Reproduce only what lies between the first line of the material below and the line containing "Picture of PIGEON JUICE", with both of those lines included and every line kept exact.

——

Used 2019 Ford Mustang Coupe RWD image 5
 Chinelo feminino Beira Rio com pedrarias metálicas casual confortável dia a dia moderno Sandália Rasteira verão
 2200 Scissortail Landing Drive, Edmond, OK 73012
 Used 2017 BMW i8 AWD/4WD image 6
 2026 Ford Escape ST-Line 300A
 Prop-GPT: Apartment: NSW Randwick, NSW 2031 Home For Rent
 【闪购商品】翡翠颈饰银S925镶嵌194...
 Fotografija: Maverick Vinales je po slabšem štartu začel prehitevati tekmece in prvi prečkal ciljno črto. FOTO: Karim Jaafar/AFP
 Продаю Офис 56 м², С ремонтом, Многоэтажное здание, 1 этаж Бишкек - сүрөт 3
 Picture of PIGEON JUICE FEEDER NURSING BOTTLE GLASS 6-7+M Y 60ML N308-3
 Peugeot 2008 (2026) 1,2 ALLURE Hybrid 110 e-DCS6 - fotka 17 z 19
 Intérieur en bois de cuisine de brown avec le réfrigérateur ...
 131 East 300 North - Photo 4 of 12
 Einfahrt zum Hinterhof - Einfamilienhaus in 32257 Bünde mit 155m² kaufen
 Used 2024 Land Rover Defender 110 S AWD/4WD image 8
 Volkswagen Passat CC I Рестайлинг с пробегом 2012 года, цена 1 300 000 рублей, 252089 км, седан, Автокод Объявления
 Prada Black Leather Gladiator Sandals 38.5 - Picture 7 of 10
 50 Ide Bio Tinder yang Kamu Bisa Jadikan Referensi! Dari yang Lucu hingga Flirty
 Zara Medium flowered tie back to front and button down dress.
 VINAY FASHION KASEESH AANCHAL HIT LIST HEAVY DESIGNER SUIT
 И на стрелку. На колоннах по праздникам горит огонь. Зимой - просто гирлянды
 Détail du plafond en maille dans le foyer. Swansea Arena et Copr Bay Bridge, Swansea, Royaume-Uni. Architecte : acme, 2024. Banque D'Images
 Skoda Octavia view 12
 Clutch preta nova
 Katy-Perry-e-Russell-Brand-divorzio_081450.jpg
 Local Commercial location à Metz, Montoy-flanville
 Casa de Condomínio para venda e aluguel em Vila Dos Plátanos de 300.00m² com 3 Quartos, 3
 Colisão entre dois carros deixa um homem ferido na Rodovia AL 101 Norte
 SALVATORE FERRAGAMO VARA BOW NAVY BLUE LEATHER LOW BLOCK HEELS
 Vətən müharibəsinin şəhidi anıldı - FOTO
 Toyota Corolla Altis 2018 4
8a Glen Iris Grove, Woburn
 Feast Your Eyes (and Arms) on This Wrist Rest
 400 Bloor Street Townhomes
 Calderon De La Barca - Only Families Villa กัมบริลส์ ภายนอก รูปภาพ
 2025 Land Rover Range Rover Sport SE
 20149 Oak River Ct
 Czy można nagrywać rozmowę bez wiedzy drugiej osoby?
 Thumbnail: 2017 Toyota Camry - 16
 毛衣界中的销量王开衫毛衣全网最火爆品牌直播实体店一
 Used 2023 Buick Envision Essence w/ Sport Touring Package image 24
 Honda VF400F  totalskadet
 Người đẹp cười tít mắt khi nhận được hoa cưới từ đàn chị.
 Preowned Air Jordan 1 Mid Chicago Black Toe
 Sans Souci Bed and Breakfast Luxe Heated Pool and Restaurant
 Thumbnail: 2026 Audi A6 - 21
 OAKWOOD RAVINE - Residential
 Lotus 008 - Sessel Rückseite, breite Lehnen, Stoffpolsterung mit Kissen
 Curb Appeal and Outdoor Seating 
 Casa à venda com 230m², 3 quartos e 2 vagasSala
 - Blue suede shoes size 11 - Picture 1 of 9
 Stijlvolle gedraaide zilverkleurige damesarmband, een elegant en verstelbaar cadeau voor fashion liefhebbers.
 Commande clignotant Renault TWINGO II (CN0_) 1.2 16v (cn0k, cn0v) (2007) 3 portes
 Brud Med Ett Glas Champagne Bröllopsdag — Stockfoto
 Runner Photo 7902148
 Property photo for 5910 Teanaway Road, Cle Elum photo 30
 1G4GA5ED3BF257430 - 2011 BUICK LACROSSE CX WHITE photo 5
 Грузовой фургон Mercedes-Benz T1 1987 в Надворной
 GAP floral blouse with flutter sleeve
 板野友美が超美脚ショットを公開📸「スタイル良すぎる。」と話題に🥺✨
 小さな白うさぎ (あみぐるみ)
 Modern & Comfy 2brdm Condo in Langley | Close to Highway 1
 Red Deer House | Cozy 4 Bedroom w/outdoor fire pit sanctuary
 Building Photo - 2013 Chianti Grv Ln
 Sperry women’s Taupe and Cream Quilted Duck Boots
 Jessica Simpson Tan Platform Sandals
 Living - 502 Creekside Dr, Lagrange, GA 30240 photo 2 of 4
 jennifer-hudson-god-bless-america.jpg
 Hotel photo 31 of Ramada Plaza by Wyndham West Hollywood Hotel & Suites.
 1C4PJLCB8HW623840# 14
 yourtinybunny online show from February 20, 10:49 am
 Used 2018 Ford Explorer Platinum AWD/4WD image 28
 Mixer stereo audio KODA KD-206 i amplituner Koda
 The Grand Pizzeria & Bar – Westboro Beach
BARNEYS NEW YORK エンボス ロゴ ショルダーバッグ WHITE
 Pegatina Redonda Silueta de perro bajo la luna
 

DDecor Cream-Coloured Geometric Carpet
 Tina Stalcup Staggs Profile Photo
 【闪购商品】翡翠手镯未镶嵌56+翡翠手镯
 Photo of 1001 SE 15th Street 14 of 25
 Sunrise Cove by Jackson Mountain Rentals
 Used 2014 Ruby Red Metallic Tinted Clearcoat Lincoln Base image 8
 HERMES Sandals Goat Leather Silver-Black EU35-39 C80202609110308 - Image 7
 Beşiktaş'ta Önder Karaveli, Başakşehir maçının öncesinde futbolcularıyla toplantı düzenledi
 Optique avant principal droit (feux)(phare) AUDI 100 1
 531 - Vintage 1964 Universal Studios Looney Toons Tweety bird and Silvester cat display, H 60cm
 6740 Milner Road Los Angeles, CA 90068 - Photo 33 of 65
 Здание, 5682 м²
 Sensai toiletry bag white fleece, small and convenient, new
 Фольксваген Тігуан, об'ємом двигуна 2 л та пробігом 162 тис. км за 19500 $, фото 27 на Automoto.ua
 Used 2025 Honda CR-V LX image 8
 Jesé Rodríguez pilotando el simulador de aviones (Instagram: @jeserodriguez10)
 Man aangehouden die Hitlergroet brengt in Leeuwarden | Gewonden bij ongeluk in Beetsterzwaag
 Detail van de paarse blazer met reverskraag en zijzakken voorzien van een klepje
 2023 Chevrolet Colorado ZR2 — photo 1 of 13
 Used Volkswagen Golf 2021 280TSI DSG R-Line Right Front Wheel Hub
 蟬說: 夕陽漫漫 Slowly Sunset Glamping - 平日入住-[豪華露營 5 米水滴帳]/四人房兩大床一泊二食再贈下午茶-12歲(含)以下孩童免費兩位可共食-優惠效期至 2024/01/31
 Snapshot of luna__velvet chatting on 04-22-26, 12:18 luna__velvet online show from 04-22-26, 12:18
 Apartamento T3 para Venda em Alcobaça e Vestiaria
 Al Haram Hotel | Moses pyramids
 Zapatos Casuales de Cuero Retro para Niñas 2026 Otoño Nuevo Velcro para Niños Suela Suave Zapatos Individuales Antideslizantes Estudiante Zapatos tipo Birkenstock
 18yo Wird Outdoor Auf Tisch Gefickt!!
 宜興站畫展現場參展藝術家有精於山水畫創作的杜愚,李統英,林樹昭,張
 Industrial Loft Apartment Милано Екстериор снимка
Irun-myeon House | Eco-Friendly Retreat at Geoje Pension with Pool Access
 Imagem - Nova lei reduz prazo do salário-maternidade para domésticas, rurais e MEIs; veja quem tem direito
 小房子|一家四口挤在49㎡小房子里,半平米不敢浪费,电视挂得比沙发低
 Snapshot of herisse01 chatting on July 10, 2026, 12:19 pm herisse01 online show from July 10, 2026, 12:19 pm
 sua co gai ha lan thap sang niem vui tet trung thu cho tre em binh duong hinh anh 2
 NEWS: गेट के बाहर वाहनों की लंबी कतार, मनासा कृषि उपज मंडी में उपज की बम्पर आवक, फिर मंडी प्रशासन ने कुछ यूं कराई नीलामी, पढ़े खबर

——

Final answer -
Used 2019 Ford Mustang Coupe RWD image 5
 Chinelo feminino Beira Rio com pedrarias metálicas casual confortável dia a dia moderno Sandália Rasteira verão
 2200 Scissortail Landing Drive, Edmond, OK 73012
 Used 2017 BMW i8 AWD/4WD image 6
 2026 Ford Escape ST-Line 300A
 Prop-GPT: Apartment: NSW Randwick, NSW 2031 Home For Rent
 【闪购商品】翡翠颈饰银S925镶嵌194...
 Fotografija: Maverick Vinales je po slabšem štartu začel prehitevati tekmece in prvi prečkal ciljno črto. FOTO: Karim Jaafar/AFP
 Продаю Офис 56 м², С ремонтом, Многоэтажное здание, 1 этаж Бишкек - сүрөт 3
 Picture of PIGEON JUICE FEEDER NURSING BOTTLE GLASS 6-7+M Y 60ML N308-3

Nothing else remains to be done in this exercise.